On peut élargir cette vision ultra-modulaire des choses au noyau Linux lui-même, qui hérite en sa conception intrinsèque de cette philosophie : alors que le noyau BSD forme un tout dont on déconseille très fortement de toucher à quelque option que ce soit (et il n'y a qu'à voir le fichier de configuration pour s'en convaincre), le mode de compilation de Linux se base sur une interface (en ligne -- make config --, en curses -- make menuconfig --, en Qt -- make xconfig --, ou en GTK -- make gconfig), où l'on coche et décoche ce que l'on souhaite (avec quasiment toujours la possibilité de mettre un support kernel en module chargeable et déchargeable à chaud), et uniquement cela, on peut même penser à activer le support des modules et tout mettre en dur, en prévision du jour où l'on voudra supporter des matériels brachés sur un hypothétique USB, et que l'on voudra alors supporter en ajoutant un driver au système (y compris rajouter le support d'un système de fichier : je suis bien content de pouvoir brancher mon disque dur en XFS sur mon disque dur multimédia, et j'aimerais bien que ce support revienne comme avant sur ma Freebox). La configuration de Linux supporte en outre la gestion des dépendances des modules les uns aux autres, et au final, alors que le projet OpenBSD dont la cible est l'informaticien expérimenté est peu propice au bidouillage, les sites pour utilisateur débutant de Linux proposent des tutoriels de (re)compilation du noyau !

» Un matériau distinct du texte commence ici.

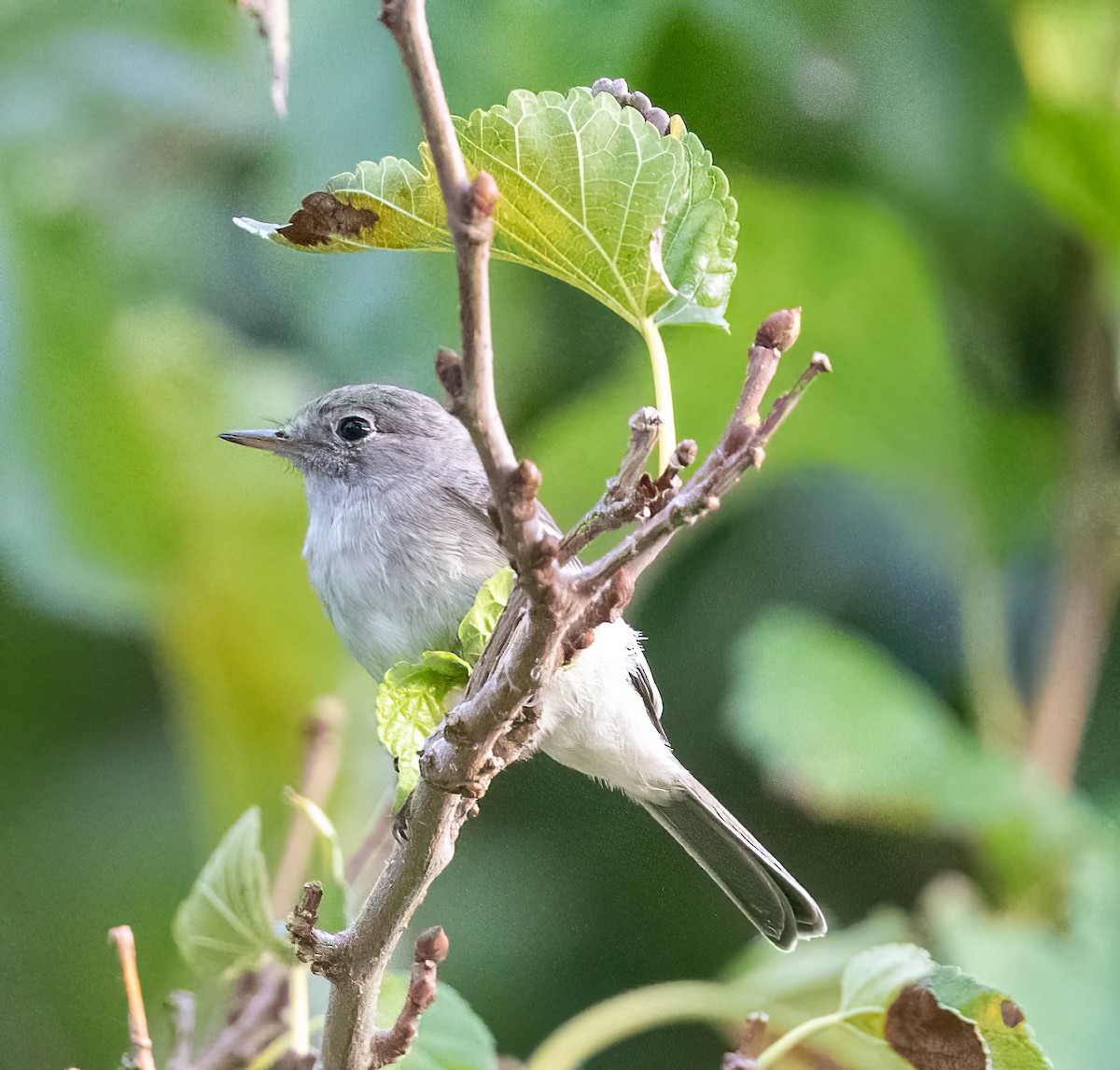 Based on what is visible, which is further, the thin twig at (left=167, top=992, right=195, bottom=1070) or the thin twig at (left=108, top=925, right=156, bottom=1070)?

Lorsque l'on voit sur distrowatch l'hétérogénéité des versions logicielles utilisées pour de mêmes kernels Linux (qui eux-mêmes ont un nombre de versions différentes très important, et non une release chaque semestre), ou inversement d'ailleurs (de mêmes versions logicielles pour des kernels différents), on voit bien que le problème ne se pose pas pour GNU/Linux : sa conception modulaire puisqu'agrégative de projets différents (GNU, Linux, autres projets de l'embarqué greffés sans pouvoir préjuger des autres logiciels employés, la Busybox marchant tout aussi bien avec la glibC qu'avec l'uClibc), assure une supériorité technique indéniable. Si l'on considère que les autres projets propriétaires de l'embarqué ont toujours été conçus comme le sont les projets BSD (incompatibles entre eux par ailleurs), on peut donc préjuger là encore d'un avantage majeur de l'emploi du noyau Linux et des projets libres utilisés pour consituer un système d'exploitation complet, dans la droite ligne de ce qui est attendu d'un système embarqué moderne gérant la communication, et donc potentiellement la mise à jour, tout autant que la possibilité de faire "librement" son marché entre les versions logicielles, amenant au problème du packaging (il faut choisir des versions logicielles compatibles entre elles, bref gérer la problématique propre à toute distribution Linux, qu'elle s'appelle Debian, OpenSUSE ou OpenEmbedded), mais aussi à sa puissance incomparable et jamais égalée par aucune autre solution logicielle existante.